═════ MATERIAL SUPPLIED ═════

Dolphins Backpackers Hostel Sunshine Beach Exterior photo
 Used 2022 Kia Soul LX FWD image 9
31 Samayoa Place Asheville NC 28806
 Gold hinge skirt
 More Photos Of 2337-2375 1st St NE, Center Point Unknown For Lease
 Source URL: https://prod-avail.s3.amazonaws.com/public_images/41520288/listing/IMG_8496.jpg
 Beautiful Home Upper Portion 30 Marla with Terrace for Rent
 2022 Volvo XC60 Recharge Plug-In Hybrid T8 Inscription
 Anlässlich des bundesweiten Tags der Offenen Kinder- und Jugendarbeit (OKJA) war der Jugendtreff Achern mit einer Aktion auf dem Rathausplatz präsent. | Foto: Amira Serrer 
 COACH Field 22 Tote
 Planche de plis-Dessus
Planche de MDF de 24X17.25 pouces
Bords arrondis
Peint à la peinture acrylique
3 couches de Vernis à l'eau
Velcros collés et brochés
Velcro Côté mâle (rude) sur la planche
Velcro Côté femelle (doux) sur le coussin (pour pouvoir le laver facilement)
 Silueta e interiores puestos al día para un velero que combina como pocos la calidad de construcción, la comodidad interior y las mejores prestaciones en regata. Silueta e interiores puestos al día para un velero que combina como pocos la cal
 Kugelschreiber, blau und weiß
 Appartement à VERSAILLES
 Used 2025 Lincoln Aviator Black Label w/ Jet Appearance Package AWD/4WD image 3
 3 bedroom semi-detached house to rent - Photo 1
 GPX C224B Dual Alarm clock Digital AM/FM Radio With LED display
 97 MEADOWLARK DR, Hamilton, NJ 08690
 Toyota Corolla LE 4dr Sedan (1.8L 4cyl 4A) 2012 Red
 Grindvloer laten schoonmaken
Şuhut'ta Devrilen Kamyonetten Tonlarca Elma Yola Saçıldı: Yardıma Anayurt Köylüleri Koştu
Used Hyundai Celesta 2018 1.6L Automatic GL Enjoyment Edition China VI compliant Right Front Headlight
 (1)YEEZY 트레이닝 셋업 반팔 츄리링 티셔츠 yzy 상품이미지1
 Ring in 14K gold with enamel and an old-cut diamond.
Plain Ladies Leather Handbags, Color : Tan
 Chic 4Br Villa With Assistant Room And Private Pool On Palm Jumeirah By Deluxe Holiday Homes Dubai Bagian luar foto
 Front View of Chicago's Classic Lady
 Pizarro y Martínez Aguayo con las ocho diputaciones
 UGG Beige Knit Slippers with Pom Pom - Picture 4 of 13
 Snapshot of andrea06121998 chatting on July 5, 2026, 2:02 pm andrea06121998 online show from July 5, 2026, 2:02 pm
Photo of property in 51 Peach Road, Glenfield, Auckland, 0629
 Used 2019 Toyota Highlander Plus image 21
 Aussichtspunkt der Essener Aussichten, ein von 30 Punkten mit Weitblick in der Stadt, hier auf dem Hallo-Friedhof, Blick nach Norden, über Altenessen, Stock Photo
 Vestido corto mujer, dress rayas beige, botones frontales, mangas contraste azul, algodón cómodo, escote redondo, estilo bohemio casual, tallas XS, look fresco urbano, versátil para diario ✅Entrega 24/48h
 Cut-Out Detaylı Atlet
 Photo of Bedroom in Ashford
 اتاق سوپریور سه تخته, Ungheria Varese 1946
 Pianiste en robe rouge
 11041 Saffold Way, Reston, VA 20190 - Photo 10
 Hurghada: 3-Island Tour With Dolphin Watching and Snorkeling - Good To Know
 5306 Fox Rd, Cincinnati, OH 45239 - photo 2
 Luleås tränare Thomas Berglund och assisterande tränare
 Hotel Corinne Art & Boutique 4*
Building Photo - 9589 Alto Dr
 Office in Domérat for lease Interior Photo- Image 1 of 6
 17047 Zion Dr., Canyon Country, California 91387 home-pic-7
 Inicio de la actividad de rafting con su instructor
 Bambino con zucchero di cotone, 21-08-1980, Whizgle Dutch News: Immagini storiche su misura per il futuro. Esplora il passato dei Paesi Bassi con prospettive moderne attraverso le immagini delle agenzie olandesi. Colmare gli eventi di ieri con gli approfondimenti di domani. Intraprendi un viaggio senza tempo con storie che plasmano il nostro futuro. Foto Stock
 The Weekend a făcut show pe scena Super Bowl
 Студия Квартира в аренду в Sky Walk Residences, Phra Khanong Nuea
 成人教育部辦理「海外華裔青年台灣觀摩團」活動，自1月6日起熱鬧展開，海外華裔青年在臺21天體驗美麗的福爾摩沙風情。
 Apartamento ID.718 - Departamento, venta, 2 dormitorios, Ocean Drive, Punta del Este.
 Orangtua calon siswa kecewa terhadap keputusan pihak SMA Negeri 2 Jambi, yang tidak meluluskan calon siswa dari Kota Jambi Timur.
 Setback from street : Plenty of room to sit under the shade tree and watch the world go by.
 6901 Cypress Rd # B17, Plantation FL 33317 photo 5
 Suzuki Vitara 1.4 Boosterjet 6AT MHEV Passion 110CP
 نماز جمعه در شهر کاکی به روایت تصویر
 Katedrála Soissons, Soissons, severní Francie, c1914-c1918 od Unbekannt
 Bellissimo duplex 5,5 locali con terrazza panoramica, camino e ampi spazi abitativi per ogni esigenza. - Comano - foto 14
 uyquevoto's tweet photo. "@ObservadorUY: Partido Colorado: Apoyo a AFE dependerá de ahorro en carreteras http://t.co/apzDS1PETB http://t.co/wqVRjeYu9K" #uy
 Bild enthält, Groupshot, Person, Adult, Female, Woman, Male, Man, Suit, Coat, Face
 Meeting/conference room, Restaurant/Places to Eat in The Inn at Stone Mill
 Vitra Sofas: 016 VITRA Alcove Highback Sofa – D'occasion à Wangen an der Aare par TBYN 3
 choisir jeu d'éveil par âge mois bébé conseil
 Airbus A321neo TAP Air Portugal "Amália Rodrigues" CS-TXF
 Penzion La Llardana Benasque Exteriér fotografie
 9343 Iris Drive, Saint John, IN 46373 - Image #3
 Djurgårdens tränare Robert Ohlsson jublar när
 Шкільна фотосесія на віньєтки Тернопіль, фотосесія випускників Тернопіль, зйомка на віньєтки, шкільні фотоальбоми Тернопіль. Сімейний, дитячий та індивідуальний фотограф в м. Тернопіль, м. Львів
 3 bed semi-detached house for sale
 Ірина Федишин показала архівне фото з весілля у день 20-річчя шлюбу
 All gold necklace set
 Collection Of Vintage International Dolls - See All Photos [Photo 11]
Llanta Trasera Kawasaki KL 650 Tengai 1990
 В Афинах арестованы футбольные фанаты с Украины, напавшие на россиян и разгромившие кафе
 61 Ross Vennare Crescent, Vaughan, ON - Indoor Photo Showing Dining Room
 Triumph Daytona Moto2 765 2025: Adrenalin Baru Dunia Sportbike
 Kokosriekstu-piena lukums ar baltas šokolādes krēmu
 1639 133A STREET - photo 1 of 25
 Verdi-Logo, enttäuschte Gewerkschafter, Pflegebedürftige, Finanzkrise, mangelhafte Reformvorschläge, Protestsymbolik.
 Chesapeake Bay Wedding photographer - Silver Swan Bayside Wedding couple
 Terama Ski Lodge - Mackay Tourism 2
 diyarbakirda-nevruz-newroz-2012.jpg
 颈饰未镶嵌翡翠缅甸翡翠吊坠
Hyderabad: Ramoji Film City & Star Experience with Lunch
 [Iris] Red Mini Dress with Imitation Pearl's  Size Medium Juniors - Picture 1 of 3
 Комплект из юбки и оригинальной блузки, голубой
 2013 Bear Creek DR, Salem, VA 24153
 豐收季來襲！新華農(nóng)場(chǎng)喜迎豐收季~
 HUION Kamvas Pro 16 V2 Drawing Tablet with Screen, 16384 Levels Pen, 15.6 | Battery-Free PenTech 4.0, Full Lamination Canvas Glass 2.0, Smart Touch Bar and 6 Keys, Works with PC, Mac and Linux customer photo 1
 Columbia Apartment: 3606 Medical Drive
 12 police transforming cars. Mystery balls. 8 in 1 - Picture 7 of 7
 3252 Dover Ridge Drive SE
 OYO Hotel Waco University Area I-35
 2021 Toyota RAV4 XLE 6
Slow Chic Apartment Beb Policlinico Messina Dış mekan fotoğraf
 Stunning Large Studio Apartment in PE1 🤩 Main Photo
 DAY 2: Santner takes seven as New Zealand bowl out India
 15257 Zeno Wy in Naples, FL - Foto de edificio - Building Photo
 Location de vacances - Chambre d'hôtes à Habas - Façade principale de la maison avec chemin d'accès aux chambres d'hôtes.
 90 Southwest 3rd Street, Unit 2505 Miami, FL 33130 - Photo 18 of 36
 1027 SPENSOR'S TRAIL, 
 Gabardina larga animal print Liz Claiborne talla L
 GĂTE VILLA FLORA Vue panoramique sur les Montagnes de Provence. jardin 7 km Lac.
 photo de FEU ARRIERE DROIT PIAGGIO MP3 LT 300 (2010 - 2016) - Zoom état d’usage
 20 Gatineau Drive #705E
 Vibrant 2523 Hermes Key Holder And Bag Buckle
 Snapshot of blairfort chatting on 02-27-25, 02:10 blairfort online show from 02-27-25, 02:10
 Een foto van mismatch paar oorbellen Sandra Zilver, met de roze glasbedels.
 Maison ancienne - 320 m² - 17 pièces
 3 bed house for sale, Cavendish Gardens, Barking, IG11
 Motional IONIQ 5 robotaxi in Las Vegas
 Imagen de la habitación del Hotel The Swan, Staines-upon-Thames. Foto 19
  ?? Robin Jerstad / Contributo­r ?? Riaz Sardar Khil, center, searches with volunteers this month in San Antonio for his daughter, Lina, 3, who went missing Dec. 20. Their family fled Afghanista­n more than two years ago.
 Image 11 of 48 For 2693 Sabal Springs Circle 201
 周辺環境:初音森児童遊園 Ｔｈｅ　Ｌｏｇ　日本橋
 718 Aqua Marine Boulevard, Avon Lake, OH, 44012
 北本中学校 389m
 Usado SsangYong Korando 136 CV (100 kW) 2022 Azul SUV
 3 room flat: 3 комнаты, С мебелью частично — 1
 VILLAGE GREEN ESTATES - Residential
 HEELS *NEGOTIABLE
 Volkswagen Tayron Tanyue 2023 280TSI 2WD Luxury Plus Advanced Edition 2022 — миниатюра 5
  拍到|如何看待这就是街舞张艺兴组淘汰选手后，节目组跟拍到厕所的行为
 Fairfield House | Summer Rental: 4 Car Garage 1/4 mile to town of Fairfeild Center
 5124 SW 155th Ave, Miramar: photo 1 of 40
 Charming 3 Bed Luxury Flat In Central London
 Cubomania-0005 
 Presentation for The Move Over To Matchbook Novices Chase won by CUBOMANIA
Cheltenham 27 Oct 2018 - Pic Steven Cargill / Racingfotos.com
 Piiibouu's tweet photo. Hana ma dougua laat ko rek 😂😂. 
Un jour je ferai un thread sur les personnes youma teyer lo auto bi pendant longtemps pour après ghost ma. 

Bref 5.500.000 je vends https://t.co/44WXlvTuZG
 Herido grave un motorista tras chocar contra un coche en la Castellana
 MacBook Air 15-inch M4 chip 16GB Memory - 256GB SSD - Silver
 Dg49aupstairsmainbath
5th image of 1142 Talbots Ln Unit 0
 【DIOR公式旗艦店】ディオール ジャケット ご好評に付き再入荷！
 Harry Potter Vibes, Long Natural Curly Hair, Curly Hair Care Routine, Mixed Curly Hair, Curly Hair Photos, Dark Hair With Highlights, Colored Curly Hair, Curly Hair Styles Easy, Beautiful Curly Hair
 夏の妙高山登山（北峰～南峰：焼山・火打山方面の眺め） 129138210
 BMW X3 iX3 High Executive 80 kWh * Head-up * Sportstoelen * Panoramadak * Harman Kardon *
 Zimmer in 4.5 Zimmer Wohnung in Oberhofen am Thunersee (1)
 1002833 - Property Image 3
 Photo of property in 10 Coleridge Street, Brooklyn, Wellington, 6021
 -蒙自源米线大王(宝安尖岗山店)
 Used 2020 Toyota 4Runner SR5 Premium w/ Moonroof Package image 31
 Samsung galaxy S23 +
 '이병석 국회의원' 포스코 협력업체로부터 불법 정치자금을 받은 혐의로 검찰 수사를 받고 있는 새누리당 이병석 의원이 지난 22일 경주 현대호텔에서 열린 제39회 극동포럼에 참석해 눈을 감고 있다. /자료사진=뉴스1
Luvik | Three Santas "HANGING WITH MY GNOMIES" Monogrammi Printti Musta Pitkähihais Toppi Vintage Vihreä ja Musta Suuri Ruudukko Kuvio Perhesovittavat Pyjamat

═════

What lines in the entries above hold "Iris"? Copy every one.

## EXPECTED ANSWER:
 9343 Iris Drive, Saint John, IN 46373 - Image #3
 [Iris] Red Mini Dress with Imitation Pearl's  Size Medium Juniors - Picture 1 of 3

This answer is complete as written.